I agree it may be location. One is the merest hint of a gully, the other is undoubtedly the steepest grassy hillside on the property.

I guess I have two questions at this point:

1) What are possible candidates for the mystery forb-- what grows in a pasture such that it maintains a whitetail's attention from November to March?

2) Having seen what deer can do to a food plot, I am convinced this stuff is renewing itself over the course of the winter. That would be the only explanation for how it stays attractive to them. What is growing in the Trans-Bluegrass in Winter?

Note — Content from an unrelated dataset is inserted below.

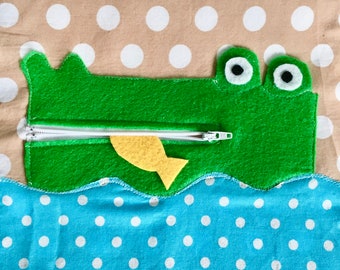 Quiet Book Page PDF Pattern Alligator Zipper Activity | Quiet Book Toddler | Busy Book Pattern | Toddler Activity Book | Sewing pattern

I know one answer to #2 above: red cedar. However, it is an unlikely candidate as a mystery forb. Eastern Red Cedar has some sort of antifreeze in it. New trees sprout in winter in my yard after the last mowing. The established trees have an uncanny capacity to grow in the dead of winter. The reason I find it hard to believe it is one of the mystery forbs is
a) it thrives all over the property-- not in these two locations.
b) The deer nibble in and amongst the young cedars in front of my security cam and leave the cedars alone.

The other thing to remember is that these mystery forbs are not only maintaining themselves, but doing so with robustness. Lately, with the Low 30's and the High's in the high 40's, they are sustaining as many as 10 deer per nightly feeding in a space less than a tennis court and the afternoon feedings lasting from usually before 1800 until well after 1900 hrs local time.